Ablation studies validated the effectiveness of the fine-tuned CLIP model and the contributions of the Conditional Multi-Way Attention (CMA) and Edge Enhancement (EDE) modules in the adapted mask decoder.
Discussion
The paper highlights the significance of leveraging rich VLM semantics for both segmentation and classification of camouflaged objects. By explicitly decoupling segmentation and classification and using prompt-based guidance, the COCUS framework achieves more accurate semantic interpretation of camouflaged objects.

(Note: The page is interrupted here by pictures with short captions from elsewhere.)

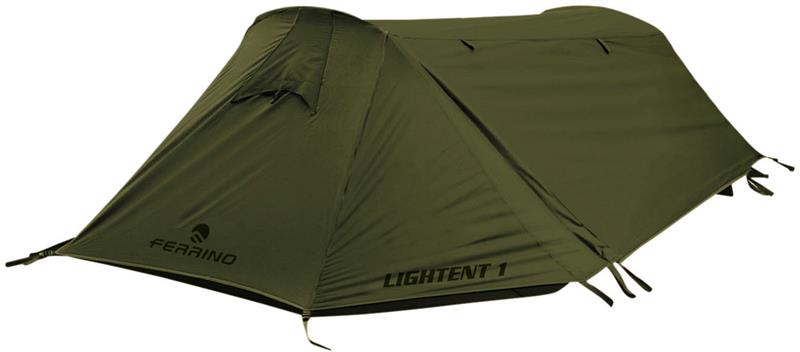 Ferrino Lightent 1 Person Tent-2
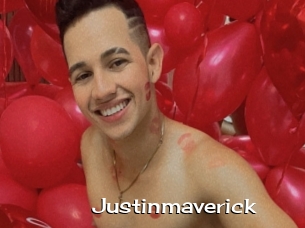 Justinmaverick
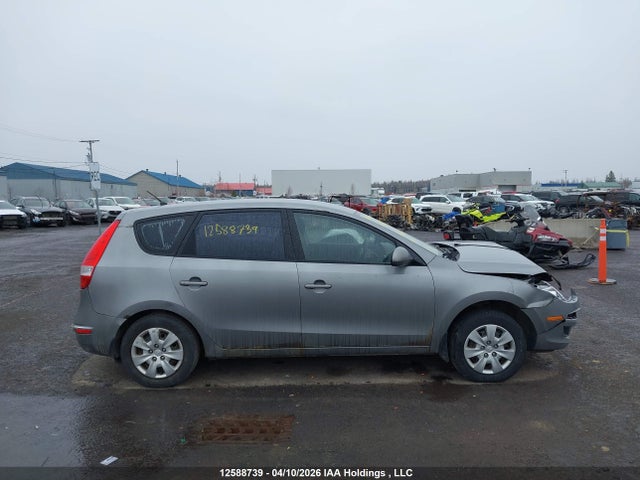 Продаж на аукціоні авто 2011 Hyundai Elantra, vin: KMHDB8AE0BU098524, номер лоту: 12588739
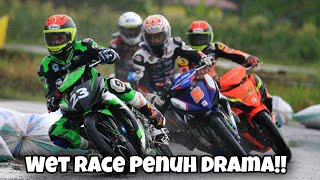 Kumis Beracun Jawara Race 1 Expert Motoprix Polewali Mandar 2022 [upl. by Ten]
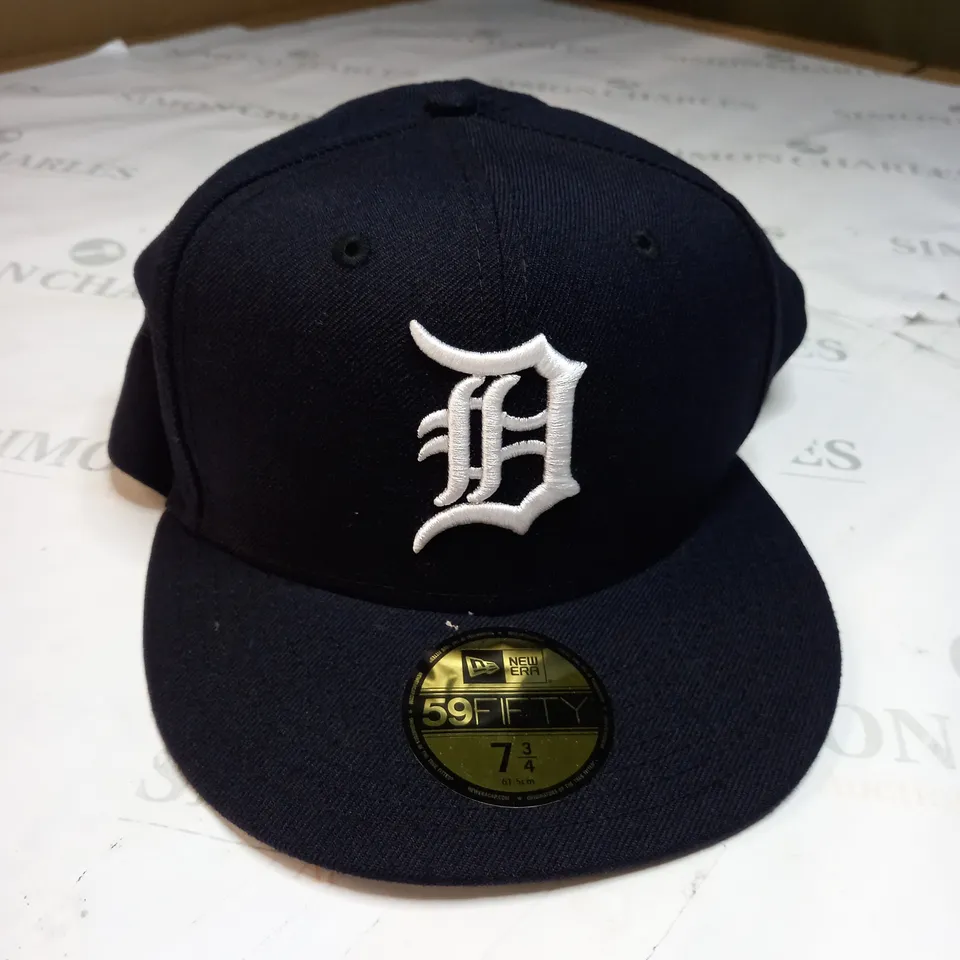 NEW ERA BASEBALL CAP 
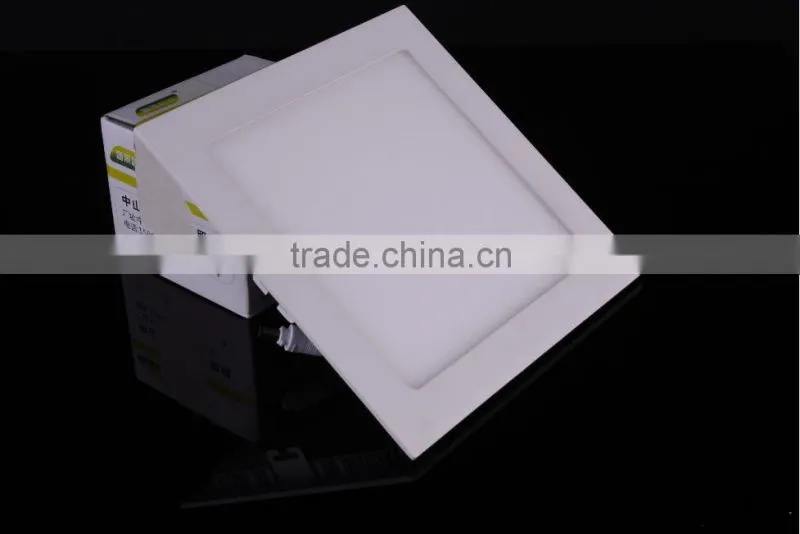5 years warranty shenzhen wholesale price 600x600 10mm hanging 2x4 led panel light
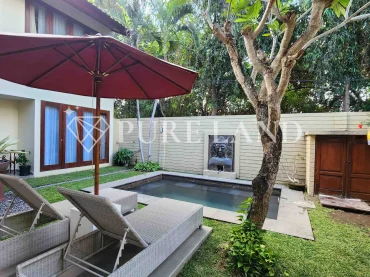 LB03013 1BR Affordable Condiminium in Sekuta, Sanur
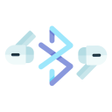 程序图标: Bluetooth Connector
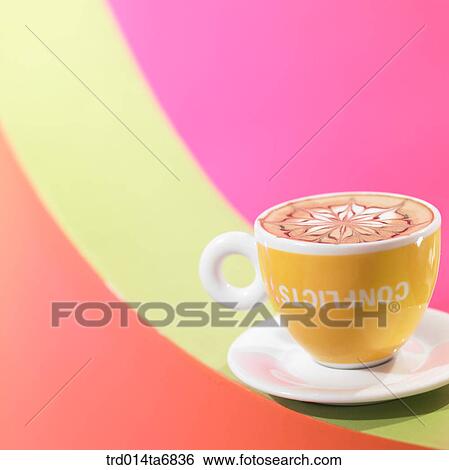 object, shelf, beverage, drink, coffee, cafe au lait, coffee cup View Large Photo Image Stock Photograph - object, shelf, beverage, drink, coffee, cafe au lait, coffee cup. Fotosearch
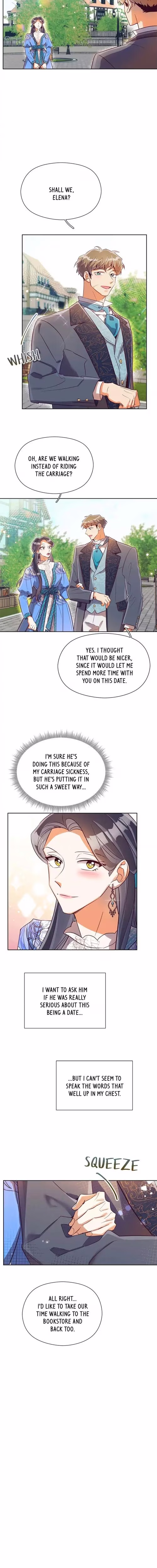 Long After the Ending - Chapter 34 - Part 6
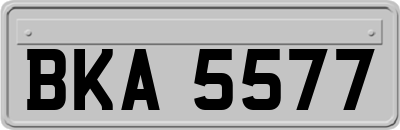 BKA5577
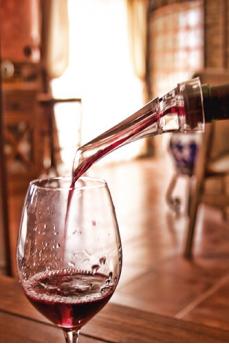 Регулируемый магический декантер  NTEU3-228928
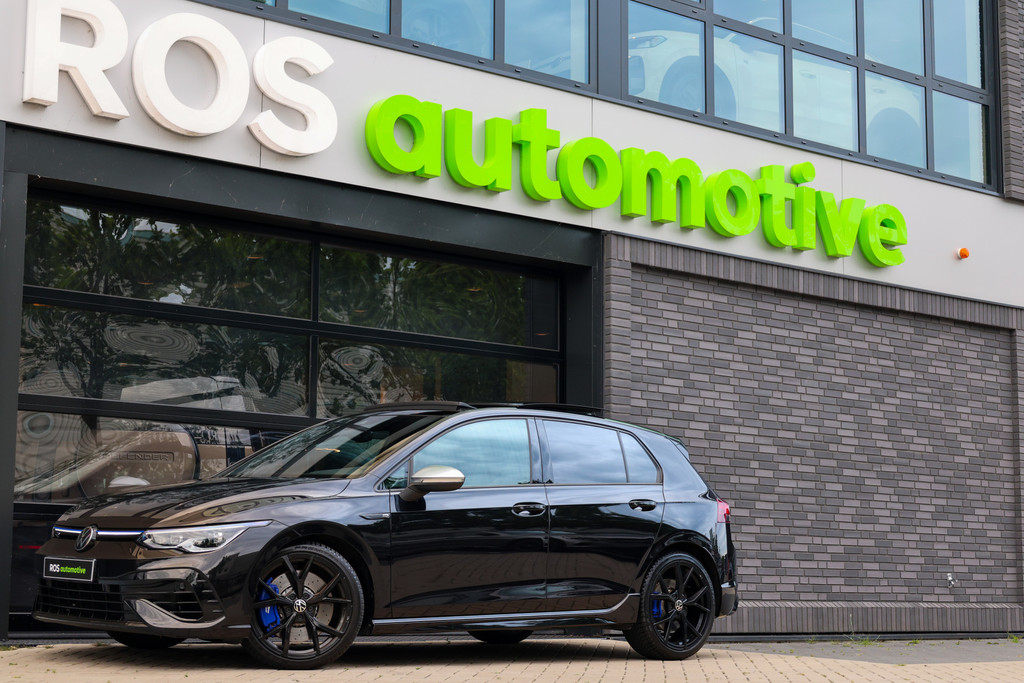 Volkswagen Golf 2.0 TSI R 4Motion 54786561-0.jpg | ROS Automotive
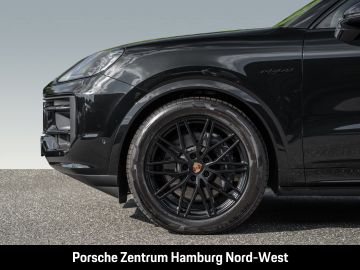 Porsche Cayenne - 9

The region-aware classification strategy, which avoids hard cropping, is crucial for mitigating the domain gap and improving classification accuracy.
Conclusion
The COCUS framework presents a significant advancement in OVCOS by addressing the limitations of existing methods and achieving state-of-the-art performance on challenging benchmarks. The framework's cascaded design, VLM-guided segmentation, and region-aware classification strategy offer a robust solution for segmenting and classifying camouflaged objects from arbitrary categories. The results confirm the benefits of the two-stage framework and edge-aware enhancements in complex camouflage scenarios. Future research could explore the application of this framework to other open-vocabulary tasks and investigate the use of more advanced VLMs for further performance improvements.